(Task to complete):
From the data below, return only the lines from the one with "szaszłyki z piersi z kurczaka i warzyw" through the one with "Leo relaxing after", exact and inclusive, with pictures left out.

(Data records):
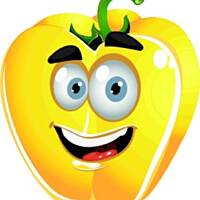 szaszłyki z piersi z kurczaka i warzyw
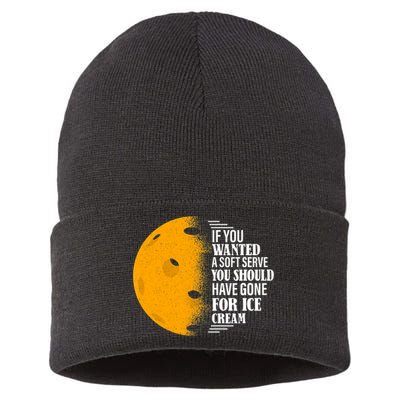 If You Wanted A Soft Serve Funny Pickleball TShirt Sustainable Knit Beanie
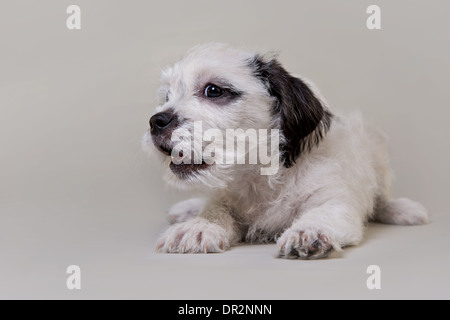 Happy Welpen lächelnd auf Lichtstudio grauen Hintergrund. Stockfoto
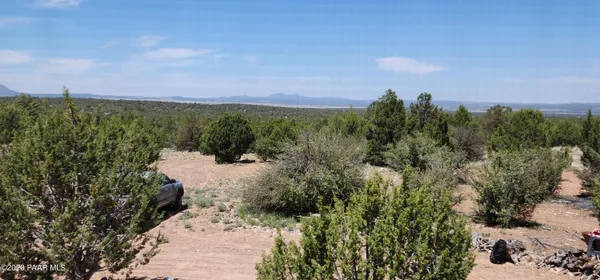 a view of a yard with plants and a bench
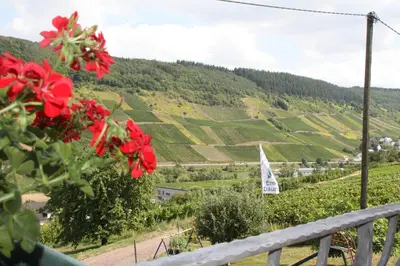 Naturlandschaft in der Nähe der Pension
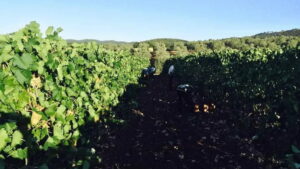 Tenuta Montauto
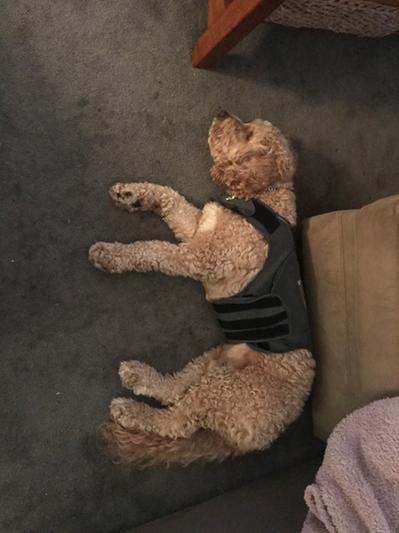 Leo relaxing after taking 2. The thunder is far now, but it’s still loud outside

--

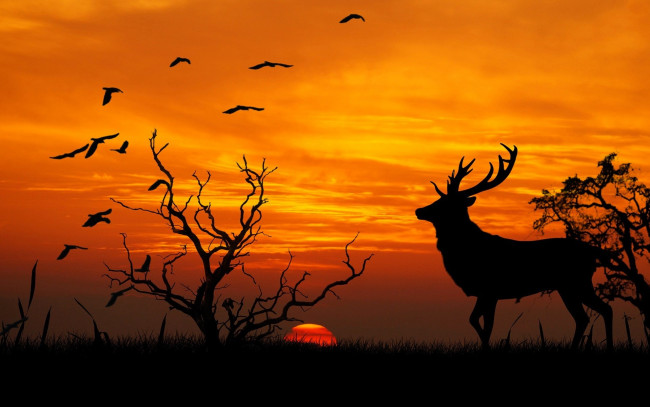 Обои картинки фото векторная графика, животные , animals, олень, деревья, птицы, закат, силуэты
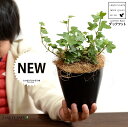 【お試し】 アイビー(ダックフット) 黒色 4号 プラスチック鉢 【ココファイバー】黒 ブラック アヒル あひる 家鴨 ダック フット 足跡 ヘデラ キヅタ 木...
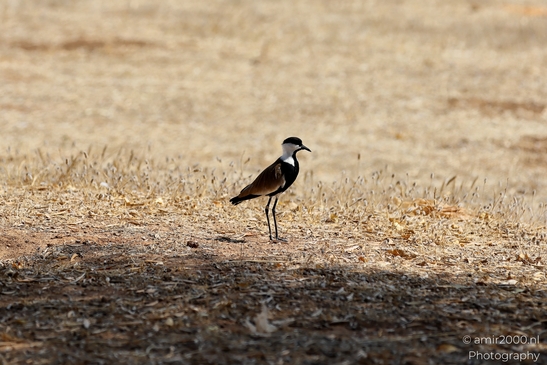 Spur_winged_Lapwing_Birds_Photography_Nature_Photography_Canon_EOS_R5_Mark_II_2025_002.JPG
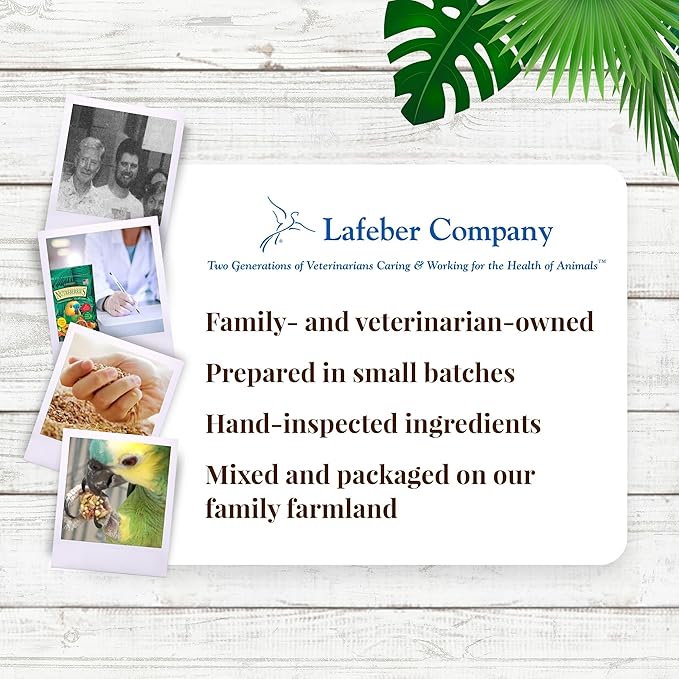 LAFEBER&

---

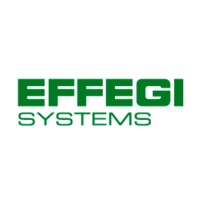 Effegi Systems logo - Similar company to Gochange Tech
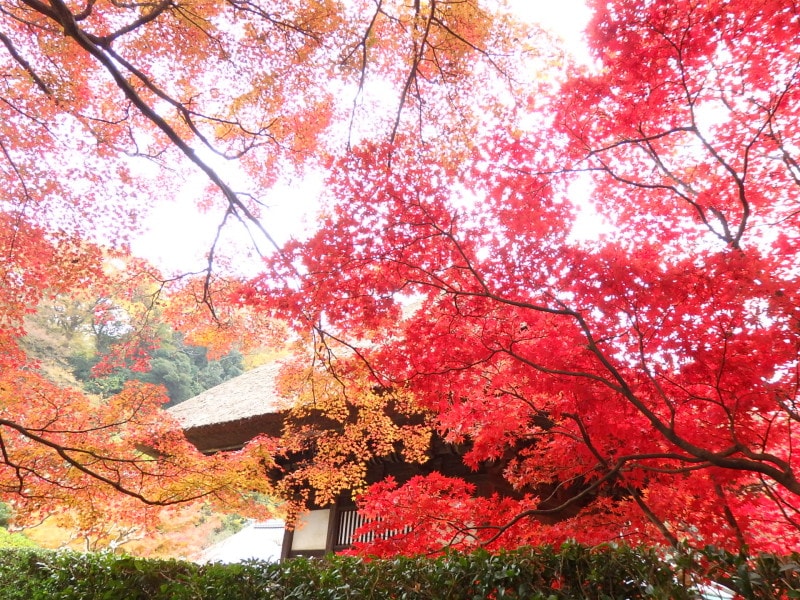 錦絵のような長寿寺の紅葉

(Output for this task):
 szaszłyki z piersi z kurczaka i warzyw
 If You Wanted A Soft Serve Funny Pickleball TShirt Sustainable Knit Beanie
 Happy Welpen lächelnd auf Lichtstudio grauen Hintergrund. Stockfoto
 a view of a yard with plants and a bench
 Naturlandschaft in der Nähe der Pension
 Tenuta Montauto
 Leo relaxing after taking 2. The thunder is far now, but it’s still loud outside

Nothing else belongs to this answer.